На широкой ступени крыльца сидела молодая девушка, нагнувшись над лежавшим у нее на коленях хлопчиком лет четырех. Ее наклоненная головка особенно выдавала сильно развитый лоб, на котором характерно и смело лежали пиявками, – как выражается народ, – черные брови. Чрезмерно длинные, стрельчатые ресницы закрывали совершенно глаза и бросали косую полукруглую тень на бледные щеки. Темные волосы еще более оттеняли матовую бледность лица; они были зачесаны гладко и заплетены в одну косу, что лежала толстой петлей на спине, перегнувшись через плечо на колени; в конец ее была вплетена алая лента. На строгих чертах лица девушки лежала привычная дума и делала выражение его немного суровым; но когда она поднимала свои большие серые глаза, то они лучились такою глубиной чувства, от которой все лицо ее озарялось кроткою прелестью.
Хлопчик в синих шароварах и белом суконном кунтушике лежал с закрытыми глазами; красноватые веки его сквозили на солнце, а личико было золотушно зеленого цвета.
Из отворенных дверей слышится молодой голос, читающий какую то славянскую книгу; его поправляет почти через слово другой – старческий, хриплый.
– "И рече он, бысть мне во спа...ние", – раздается в светлице.
– Не "во спание", а "во спасение", – досадливо вторит ему другой, – не злягай, паничу, и не сопи... слово титла зри и указку держи сице... ну, слово, покой, аз – спа...
– Да я уже намучился... глаза, пане дяче, слипаются.
– Ох, ох, ох! – вздыхает, очевидно, "профессор", – рачительство оскудевает... нужно будет просить вельможного пана о воздействии посредством канчука и лозы... Хоть до кахтызмы окончим.
И снова раздается тоскливое и сонное чтение.
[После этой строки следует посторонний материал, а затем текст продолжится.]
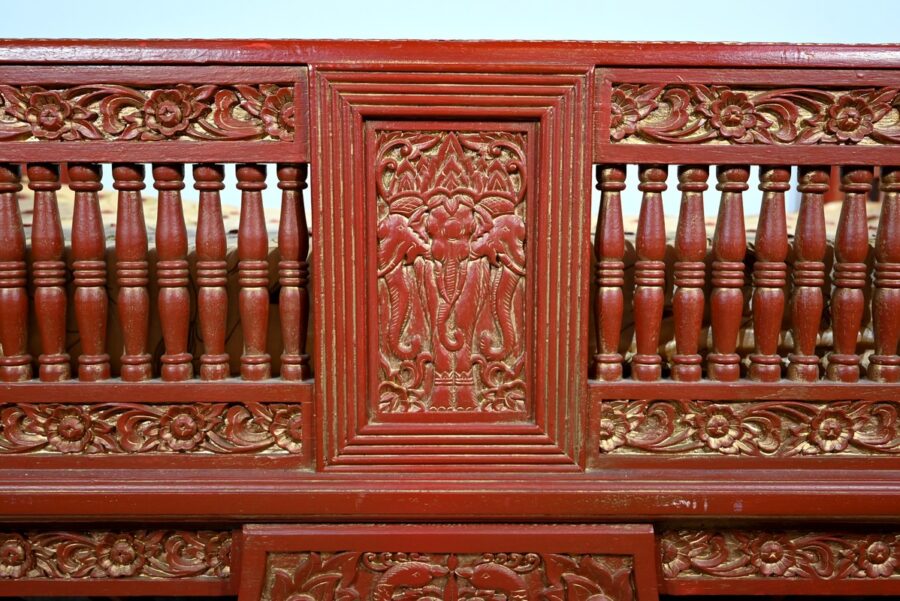 Palanquin Barreaudé en Teck, Chine – Fin XIXe – Image 21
А из за двора доносится стук молотильных цепов, скрип журавля у колодца и какая то ругань. Тучи голубей, сорвавшись откуда то, шумно несутся со свистом над садом и, сделав в воздухе большой круг, снова устремляются назад, вероятно, на ток. На цветнике, между гряд, ходит девочка лет десяти и, собирая семена, поет песенку; детский голосок звучит ясно, а в словах особенно выразительно слышится: "Выступцем, выступцем!" На девочке баевая зеленая с красными усиками корсетка и яркая шелковая плахта.
– Галю! Царская бородка высыпалась! – повернула к девушке свое огорченное личико.
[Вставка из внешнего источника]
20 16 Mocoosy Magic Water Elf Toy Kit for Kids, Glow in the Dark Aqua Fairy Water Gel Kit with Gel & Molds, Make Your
– А я тебе говорила, Катрусю{67}, – подняла голову та, – что высыпится: нужно было собирать раньше.
– Галочко, что же делать? – чуть не плачет Катря.
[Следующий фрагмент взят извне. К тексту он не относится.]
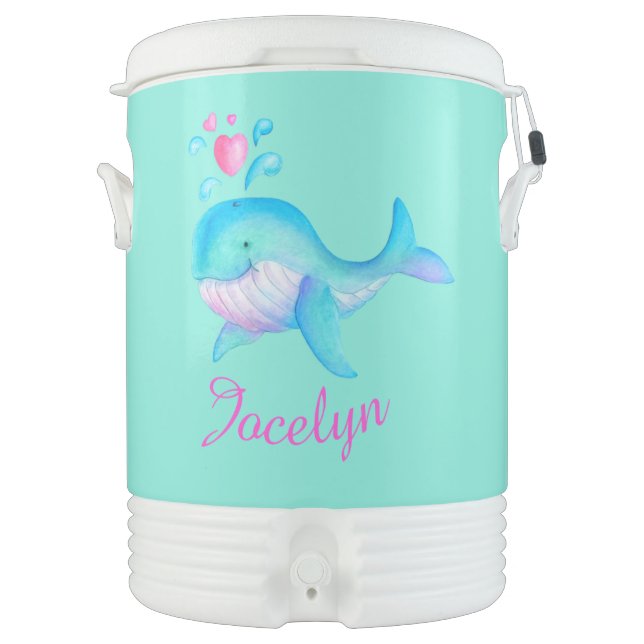 Cute whale art aqua name id girls cooler bottle (Front)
– Не огорчайся: я тебе привезу из Золотарева, сколько хочешь.
– О? Вот спасибо! Я на тот год везде ее насею... Как я тебя, Галю, люблю! – подбежала она вдруг и обняла Ганну. Да, это была та самая Ганна Золотаренковна, о которой отзывались с такой похвалой поселяне.
– Геть, – заплакал мальчик, отстраняя ручонками девочку, – геть к цолту{68}!
– Юрочко!{69} Гай гай, так сердиться! – строго покачала головой Ганна. – Если ты посылаешь Катрю, так и я пойду с ней туда.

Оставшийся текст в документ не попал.